Finetuning RoBERTa for multilingual Named-entity recognition.
First, create a python environment. We will use pyenv, but other options will likely work to.
Use th following commands to (1) install a specific python version, (2) create a new virtual environment, (3) activate that environment and (4) install python dependencies.
pyenv install -v 3.10.8
pyenv virtualenv 3.10.8 finetune-transformer
pyenv activate finetune-transformer
pip install -r requirements.txt
Run a notebook headless:
pyenv activate finetune-transformer
jupyter nbconvert --ExecutePreprocessor.timeout=-1 --to notebook --inplace --execute original.ipynb
Execute a python file:
pyenv activate finetune-transformer
nohup python 05_Compile_Dataset.py &
Liu et al. presented an improved BERT variant named RoBERTa. To improve BERT, the authors conducted a series of experiments investigating the impact of training data and training parameters on the downstream performance of BERT. The authors determined that training BERT with a larger batch size and using larger input sequences during pretraining increases downstream performance. Furthermore, during pretraining, the authors forwent the sentence prediction task and used a dynamic method to mask tokens of the input task during the Mask Language phase. In the original work, Devlin et al. statically masked tokens before training the model. Before feeding an input sequence into the model, tokenization needs to be applied. The original BERT paper uses BytePair Encoding (BPE). The input sequence is split up into mixed pieces representing words or only characters. In comparison to a wordlevel-only approach, this enables the representation of a more diverse dataset, which is especially beneficial when training on a multilingual dataset. However, using BPE, the vocabulary size snowballs. Radfort et al. proposed an even more universal and more efficient approach. By splitting up the input sequence on byte level instead per Unicode character as the smallest unit, a universal vocabulary allows for representing any input text with a modest size of 50k units. Unicode-based approaches typically result in vocabulary sized between 10k-100k subword units.
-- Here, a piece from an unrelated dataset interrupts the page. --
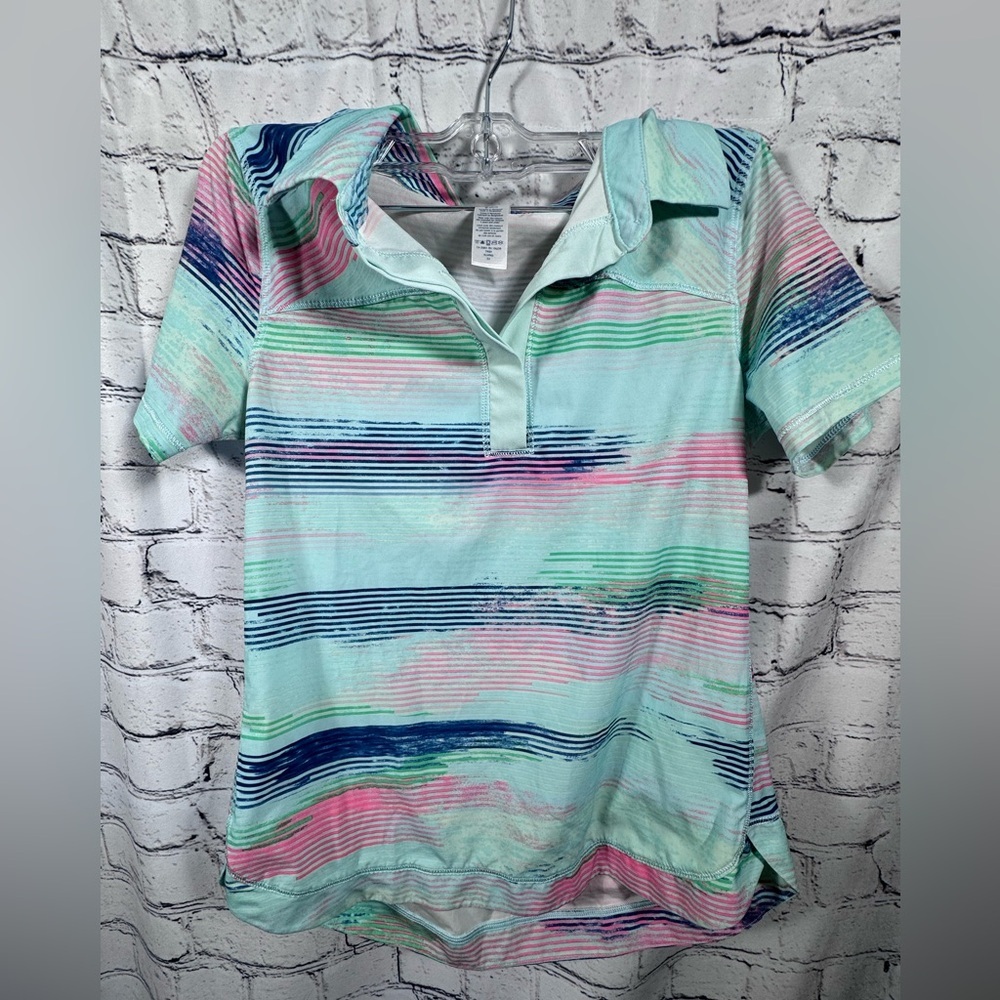 Ivivva Striped Polo Shirt in Pastel Colors EUC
The overall improved performance makes RoBERTa, in many cases, the obvious choice over the original BERT models. Also, the universal input encoding makes RoBERTa more convenient to use in a multilingual setting.
See:
- Auto Tokenizer: https://huggingface.co/docs/transformers/model_doc/auto#transformers.AutoTokenizer
- Auto Model for Token Classification: https://huggingface.co/docs/transformers/model_doc/auto#transformers.AutoTokenizer
- RoBERTa on Huggingface: https://huggingface.co/docs/transformers/model_doc/roberta
- XLM-RoBERTA-large on Huggingface: https://huggingface.co/xlm-roberta-large
- BERT in Huggingface: https://huggingface.co/docs/transformers/model_doc/bert
- BERT multilingual on Huggingface: https://huggingface.co/bert-base-multilingual-cased
The complete WikiANN dataset includes training examples for 282 languages and was constructed from Wikipedia. Training examples are extracted in an automated manner, exploiting entities mentioned in Wikipedia articles, often are formatted as hyperlinks to the source article. Provided NER tags are in the IOB2 format. Named entities are classified as location (LOC), person (PER), or organization (ORG).
See:
- Add special Tokens: huggingface/transformers#5232, huggingface/tokenizers#247
- Pan, X., Zhang, B., May, J., Nothman, J., Knight, K., & Ji, H. (2017). Cross-lingual Name Tagging and Linking for 282 Languages. In Proceedings of the 55th Annual Meeting of the Association for Computational Linguistics (Volume 1: Long Papers) (pp. 1946–1958). Association for Computational Linguistics.
- Rahimi, A., Li, Y., & Cohn, T. (2019). Massively Multilingual Transfer for NER. In Proceedings of the 57th Annual Meeting of the Association for Computational Linguistics (pp. 151–164). Association for Computational Linguistics.
- Liu, Y., Ott, M., Goyal, N., Du, J., Joshi, M., Chen, D., Levy, O., Lewis, M., Zettlemoyer, L., & Stoyanov, V.. (2019). RoBERTa: A Robustly Optimized BERT Pretraining Approach.